勤務医時代の生命保険

勤務医時代の生命保険

2015年01月27日(火)10:47 AM

本日の質問

勤務医と開業医では加入する保険や加入目的も違うと思います。

まず、勤務医時代に考えておくべきリスクやその対策について教えてください。

 

本日の回答 / 生命保険協会認定FP 友部 守

◆勤務医時代の生命保険
 ・勤務医時代に対策を打っておきたいリスクは次の4点です。

  1、遺族の生活保障

  2、病気・ケガ

  3、老後資金準備

  4、開業資金準備

 

1、遺族の生活保障


 ・ドクターが独身であれば、「お葬式代だけあればよい」といった考え方でも構わないと思います。
  (「保険」に入らないという選択肢もありだと思います。)
 
 ・高額の保障は不要です。

 ・開業など、将来のことも不透明な場合、あまり長期の保障にお金を使うのも問題だと思います。

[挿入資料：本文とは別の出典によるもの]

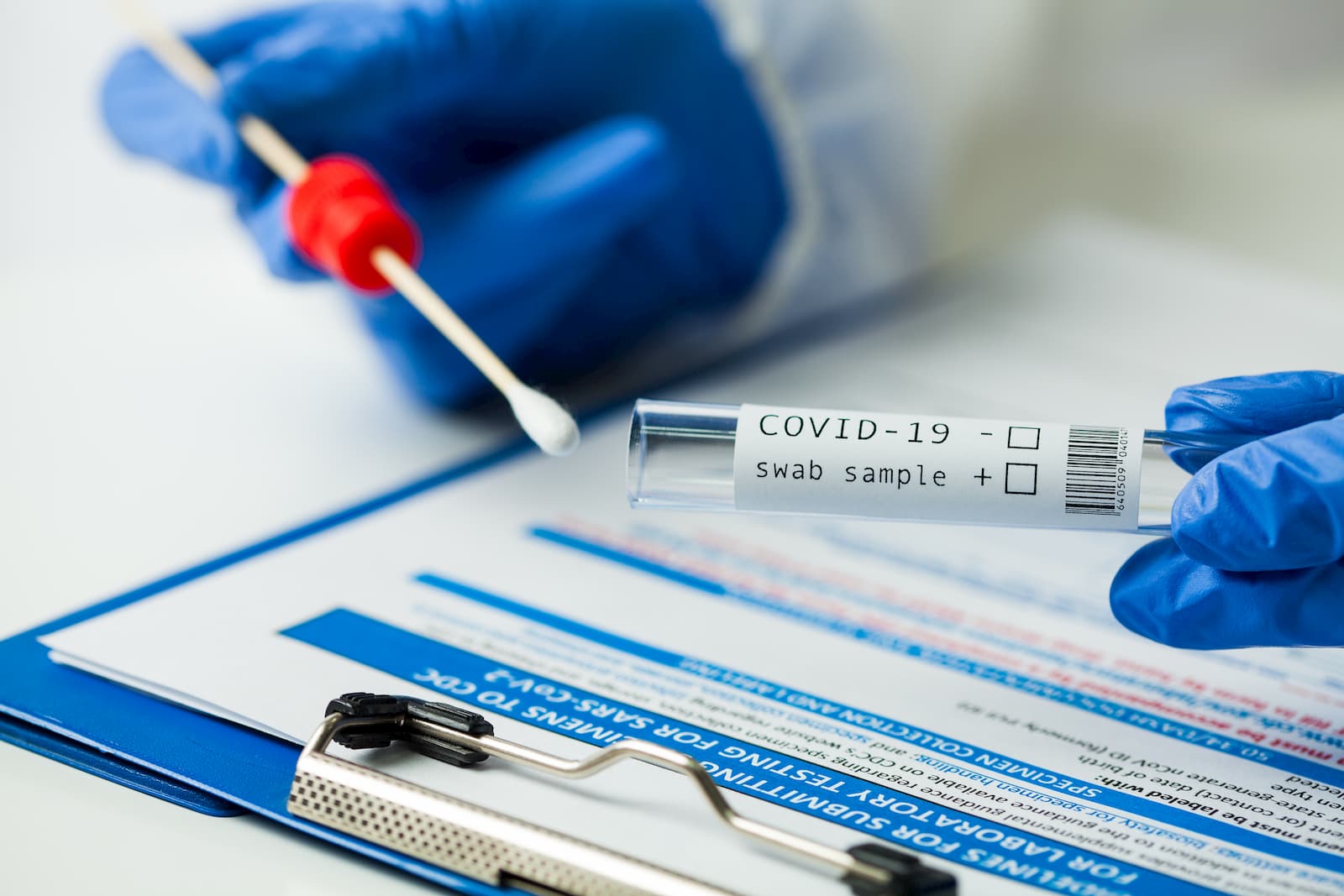 COVID-19: MoPH announces 398 new cases, 153 new recoveries and one death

   以上のことから、下記の3つの選択肢が考えられます。


◎10年あるいは5年という短期の定期保険に加入する。

◎1年更新の勤務先の「グループ保険」に入る。

◎「都道府県民共済」等に加入する。

 

2、病気・ケガのリスク対策

 

・病気やケガに備える保険は「医療保険」です。テレビなどのCMですっかりおなじみかもしれません。

・1日あたりの決められた入院給付金や所定の手術給付金が受け取れるという保険です。

・各保険会社が競って商品開発をしている保険ですので、たとえば 「がん診断給付金」と言っても、その保障内容には違いがあります。

・ご自身が求めている保障内容かどうか、きちんと検討されることをお勧めします。

 

3、老後資金準備を保険で考えた場合の注意点

 

・「老後の資金」づくりは、必ずしも保険商品を利用すべきとは言えません。あくまでも、1つの選択肢を考えてください。

・固定金利で運用されている保険商品はインフレに弱い面があります。

・現在20代の勤務医が60歳を過ぎる頃の貨幣価値など誰にも分かりません。

 

4、「開業資金準備」を保険で考えた場合のポイント

 

 ・「開業資金」づくりは、保険商品だけが選択肢ではありません。あくまでも、1つの方法と考えて頂ければと思います。

 ・固定金利で運用されている保険商品はインフレに弱い面があります。

 ・保険料の支払期間は10年から15年の短期払いで考えます。

 

本日のポイント

 ☆たとえば、「がん診断給付金」の場合

 ・「がん」と一口に言っても、支払いにおいては、「悪性新生物」と「上皮内新生物」で分かれます。
 
 ・一般的に、「悪性新生物」は100%の支払いで、「上皮内新生物」は10%の支払いです。

 ・最近では、「上皮内新生物」でも50%、100%を支払うタイプが発売されています。

 

 ☆医療保険を収入補てんとして考える。

 ・入院が短期化しているので、1日あたりの保険金額を大きく、1回の入院保障期間は短めとするのが現実的です。

 ・日額2万円の医療保険に加入して30日間入院した場合、60万円の給付は心強いです。

 ・日額1万円の医療保険に2本加入する。さらに、保険会社を2社に分けて加入することも、保険会社へのリスクヘッジとして有効です。

 

 ☆保険商品の中では「個人年金保険」の活用が考えられます。


 ・「個人年金保険」は、たとえば60歳以降に受取る年金額や毎月払い込む保険料を決めておいて契約する貯蓄性商品です。

 ・万が一の場合の保障はありません。

 ・基本的に、その時までに払い込んだ保険料が戻されるだけの商品です。

 

 ☆保険商品としては、「終身保険」や「養老保険」、「逓増定期保険」の活用が考えます。

 

 『終身保険』
  ・保険料は短期払いで設定します。
  ・保険料の払込終了時点で100%以上の解約返戻金が準備できます。
  ・必要資金の金額によっては、一部解約でお金を受取り、残りは
   保障としてそのまま続けることも出来ます。

 『養老保険』
  ・満期には掛けた保険料が100%戻ってきます。
  ・必ず満期があるので、お金が必要な時期を一致しない事もある。

 『逓増定期保険』
  ・デメリットとしては、返戻のピークが決まっている。
  ・ピークを外すとお金が減ってしまう。